The present study examined how listeners’ pointing gestures, defined as the initial placement of the searcher’s index finger, affect the efficiency and dynamics of a collaborative spatial search task. Specifically, we aimed to determine whether the searchers’ pointing gestures function not only as indicators of comprehension but also as visible resources that actively shape the instructor’s communicative strategies. The findings produced two main outcomes. First, trials involving searchers’ pointing placement resulted in significantly faster task completion times compared to those without such gestures. This suggests that listeners’ pointing can contribute to the early alignment of shared spatial reference frames, reducing ambiguity in the instructor’s guidance. Second, we observed that searchers’ pointing placement elicited significantly longer gesture durations by instructors, indicating that the presence of visible listener gestures may influence the production and sustainment of multimodal speaker behaviour. While our first hypothesis that instructors’ pointing gestures would improve task efficiency was not supported, our second hypothesis was supported in that searchers’ pointing facilitated more efficient collaboration and shaped the instructor’s gestural behaviour. It is important to note, however, that the absence of a statistically significant effect of instructors’ gestures should not be interpreted as definitive evidence of no effect. Rather, our analyses provide no evidence for such an effect under the current design, and it remains possible that smaller effects were not detected due to limited statistical power or the analytical constraints of dyad-level analyses.

Instructors’ gestures did not enhance task efficiency or significantly reduce the number of utterances. This finding contrasts with previous research (e.g., Bangerter and Chevalley, 2007), which showed that pointing gestures facilitate communication in collaborative tasks by reducing verbal effort. One possible explanation lies in the communicative function of the instructor’s pointing gestures. In Bangerter and Chevalley’s (2007) study, instructors were free to use speech and/or gestures to directly identify each target, so gestures could replace parts of the verbal description. In contrast, in our study instructors were not allowed to point directly to the target dot on the searcher’s board. As a result, gestures in our task mainly functioned as supportive cues rather than direct identifiers, leading to a smaller impact on verbal effort. This suggests that even when gestures are of the same type, such as pointing, their communicative function within the task context determines how strongly they interact with speech to affect efficiency.

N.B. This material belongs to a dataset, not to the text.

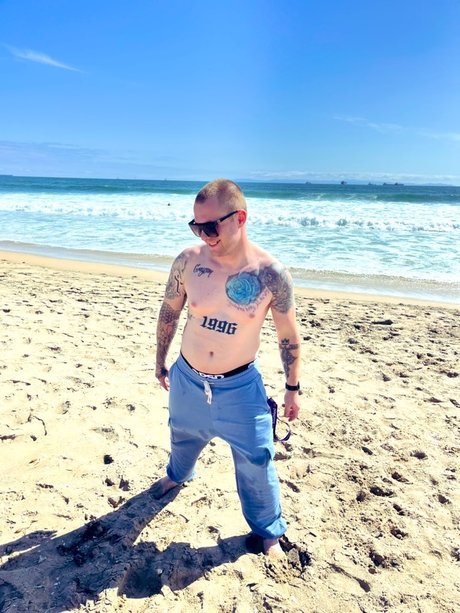 DixonRiley onlyfans porn leaks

4.2 Interpretation of listener gesture effects

The observed facilitative effect of searchers’ pointing gestures on task efficiency can be interpreted in light of prior research emphasising the facilitative role of listeners’ gestures in collaborative interaction. One possibility is that searchers’ pointing acts as a visible cue of attentional and cognitive focus, enabling instructors to adapt their verbal and gestural strategies in real time. This interpretation aligns with the findings of Healey et al.’s (2015) study, which demonstrated that listener gestures actively contribute to maintaining mutual understanding, rather than functioning merely as feedback to the speaker. In our study, even the act of holding a finger at the centre of the board may have signalled a preliminary spatial commitment or point of reference, thereby allowing instructors to anchor their instructions more efficiently.

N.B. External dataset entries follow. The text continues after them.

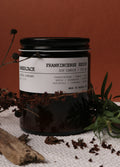 Amberjack Candle | Frankincense Resin-Image 1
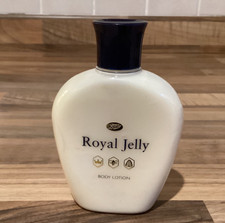 Boots Royal Jelly 100ml Body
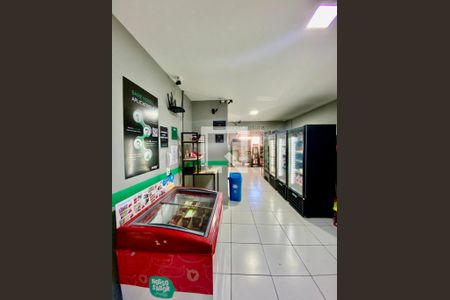 Apartamento para alugar com 78m², 3 quartos e 1 vaga Apartamento para alugar com 78m², 3 quartos e 1 vagaConveniência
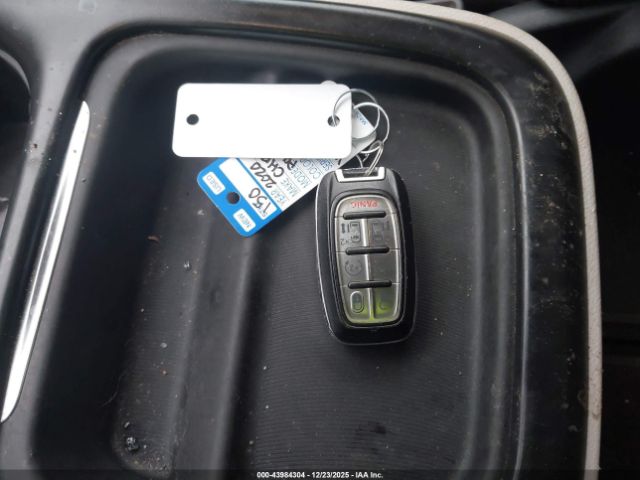 2020 CHRYSLER PACIFICA 2C4RC1FG7LR141859 Photo 10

Furthermore, listeners’ gestures may function as a form of incremental feedback, as suggested by Holler and Wilkin (2011). They argued that gestural mimicry by listeners serves to display ongoing understanding and to facilitate the formation of common ground. In our context, while the searchers’ pointing did not directly mimic the instructor’s gestures, their presence nevertheless provided instructors with an embodied frame of reference, one that could be manipulated, verified or corrected. Such interpretations are supported by Hosoma et al. (2004), who reported that instructors in a similar spatial task spontaneously used the position of the listener’s pointing finger to guide subsequent instructions. Our findings provide the first quantitative evidence for this phenomenon, demonstrating that searchers’ pointing gestures are not merely expressions of understanding, but also serve as communicative resources that instructors actively use to organise and accelerate coordination.

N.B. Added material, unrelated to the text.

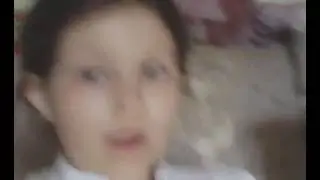Подарок моей подруги!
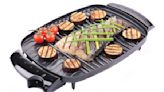 Save time, money and effort with the best electric griddles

4.3 Influence on speaker behaviour

In addition to its effect on task efficiency, searchers’ pointing gestures also had a measurable influence on the gestural behaviour of instructors. Specifically, we observed that gesture durations were significantly longer in trials where searchers initiated the task with pointing. This finding suggests that the presence of searchers’ visible bodily engagement not only facilitates listener understanding but also prompts instructors to modify and potentially extend their gestural expressions. This observation resonates with Streeck’s (2017) ethnographic work, which described how co-participants reuse or elaborate on each other’s gestures as a means of achieving alignment. In our study, longer gesture durations may reflect instructors’ efforts to adapt to the spatial cues provided by the searcher, refining their own gestures to respond to the listener’s evolving hand position and exploratory actions. Moreover, the dynamic quality of gesture in response to listener actions supports the notion that gestures are not static referential tools, but mutually elaborated actions situated within the material and interactional context, as articulated by Goodwin (2007). The extended duration of gestures may signal a shift from simple pointing to more sustained instructional behaviour.

4.4 Implications

The findings in the current study contribute to a growing body of research that reconceptualises gesture as an interactive, distributed process rather than a unilateral act of expression. By demonstrating that listeners’ pointing gestures can significantly influence both the efficiency and structure of speaker behaviour, this study reinforces the view that gestures serve not only as referential acts but also as interactional scaffolds that shape how joint activities unfold. This interpretation aligns with theoretical perspectives that emphasise the reciprocal nature of gesture production and perception in real-time dialogue, where bodily actions are both responsive to and constitutive of shared understanding (e.g., Clark, 1996; Goodwin, 2007; Streeck, 2017; Schubotz et al., 2019).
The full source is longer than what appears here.